Presiden Prabowo Subianto resmi meluncurkan program PLTS 100 GWp pada lokasi PLTS Site Gilimanuk di Kabupaten Jembrana, Bali, Selasa (25/8) sore. Program bertajuk PLTS 100 GWp itu menjadi sorotan karena menempatkan energi surya sebagai bagian dari agenda pemerintahan.

Dalam peluncuran tersebut, pemerintah menetapkan target penyelesaian proyek dalam jangka waktu tiga tahun serta nilai investasi sebesar Rp1.140 triliun. Angka dan tenggat waktu itu disampaikan sebagai kerangka awal pelaksanaan program.
Target PLTS 100 GWp dalam Tiga Tahun
Penetapan target penyelesaian dalam tiga tahun menunjukkan ambisi percepatan pembangunan pembangkit listrik tenaga surya dalam skala besar. Menyelesaikan kapasitas total 100 GWp dalam periode tersebut menempatkan proyek ini sebagai salah satu program prioritas yang dipantau ketat oleh pemerintah.
Waktu pelaksanaan yang relatif singkat menuntut koordinasi lintas sektor, mulai dari perencanaan lahan dan infrastruktur hingga pengadaan komponen dan sumber daya manusia. Keberhasilan memenuhi target akan sangat bergantung pada kelancaran tahapan implementasi yang direncanakan.
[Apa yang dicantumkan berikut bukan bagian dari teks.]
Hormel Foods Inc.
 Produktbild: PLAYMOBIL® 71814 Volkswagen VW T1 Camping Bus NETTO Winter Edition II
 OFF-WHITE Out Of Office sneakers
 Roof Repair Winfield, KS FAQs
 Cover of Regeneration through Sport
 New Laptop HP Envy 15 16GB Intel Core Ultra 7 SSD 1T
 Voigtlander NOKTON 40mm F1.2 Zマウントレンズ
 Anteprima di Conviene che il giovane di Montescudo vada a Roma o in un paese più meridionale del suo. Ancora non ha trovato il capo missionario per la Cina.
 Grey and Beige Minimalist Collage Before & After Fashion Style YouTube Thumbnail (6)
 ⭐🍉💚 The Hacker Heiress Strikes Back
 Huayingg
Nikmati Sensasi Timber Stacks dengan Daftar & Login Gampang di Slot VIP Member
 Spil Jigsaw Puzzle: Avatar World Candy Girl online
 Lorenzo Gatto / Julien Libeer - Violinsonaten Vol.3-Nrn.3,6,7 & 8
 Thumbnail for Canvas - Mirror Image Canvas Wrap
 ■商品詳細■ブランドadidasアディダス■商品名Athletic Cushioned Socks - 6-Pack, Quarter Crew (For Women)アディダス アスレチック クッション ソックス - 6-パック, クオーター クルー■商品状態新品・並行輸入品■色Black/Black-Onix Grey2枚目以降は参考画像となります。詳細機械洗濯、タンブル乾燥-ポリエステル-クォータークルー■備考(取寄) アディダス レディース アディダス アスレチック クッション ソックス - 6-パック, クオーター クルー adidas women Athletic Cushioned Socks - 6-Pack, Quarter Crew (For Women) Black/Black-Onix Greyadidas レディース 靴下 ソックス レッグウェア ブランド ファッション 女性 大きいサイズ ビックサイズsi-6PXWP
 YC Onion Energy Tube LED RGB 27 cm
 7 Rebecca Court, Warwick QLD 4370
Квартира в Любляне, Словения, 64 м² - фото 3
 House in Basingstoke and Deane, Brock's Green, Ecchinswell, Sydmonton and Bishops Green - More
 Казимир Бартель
Investasi dan skala proyek
Nilai investasi yang disebutkan mencapai Rp1.140 triliun. Besaran dana ini menggambarkan skala proyek yang luas dan kebutuhan pembiayaan yang signifikan untuk memasang panel surya, membangun infrastruktur pendukung, serta mengintegrasikan tenaga surya ke jaringan kelistrikan nasional.
Secara teknis, investasi semacam ini mencakup berbagai komponen biaya. Namun, rincian penggunaan anggaran dan alokasi per komponen belum diuraikan secara rinci pada saat peluncuran, sehingga publik menunggu penjelasan lebih lanjut dari pihak berwenang terkait profil pembiayaan dan tahapan pencairannya.
Lokasi peluncuran di Gilimanuk, Jembrana
Peluncuran program dilakukan di PLTS Site Gilimanuk, Kabupaten Jembrana, Bali. Pemilihan lokasi peluncuran menandai upaya pemerintah untuk menghadirkan simbolisasi proyek yang berorientasi pada energi terbarukan di wilayah tersebut.
Meski acara peluncuran berlangsung di Gilimanuk, detail mengenai lokasi-lokasi lain yang bakal menjadi bagian dari jaringan PLTS 100 GWp belum dipublikasikan secara komprehensif. Informasi lanjutan diharapkan akan memberi gambaran tentang zonasi dan skala distribusi pembangkit.
Langkah komunikasi dan tindak lanjut
Peluncuran resmi biasanya diikuti oleh rangkaian langkah teknis dan administratif, termasuk penyusunan rencana kerja, studi kelayakan, serta sinkronisasi dengan kebijakan yang berhubungan. Pemerintah telah menyampaikan target dan angka investasi sebagai titik awal komunikasi publik tentang proyek ini.
Publik dan pihak terkait akan mengamati perkembangan selanjutnya, terutama mengenai jadwal pelaksanaan tiap tahap, mekanisme pembiayaan, serta keterlibatan pemangku kepentingan untuk memastikan target tercapai sesuai waktu yang ditetapkan.
Makna strategis program
Peluncuran program PLTS 100 GWp dipandang sebagai langkah besar dalam upaya memperluas kapasitas pembangkit energi terbarukan di tingkat nasional. Skala dan nilai investasi yang diumumkan menegaskan komitmen pemerintah untuk mempercepat pengembangan sumber energi alternatif.
Meski begitu, detail operasionalisasi proyek, termasuk pembagian tanggung jawab, jadwal rinci, serta mekanisme pengawasan, menjadi aspek yang krusial untuk memastikan keberlanjutan dan efektivitas investasi tersebut. Masyarakat menantikan informasi lebih lanjut dari pemerintah mengenai langkah-langkah konkret yang akan ditempuh.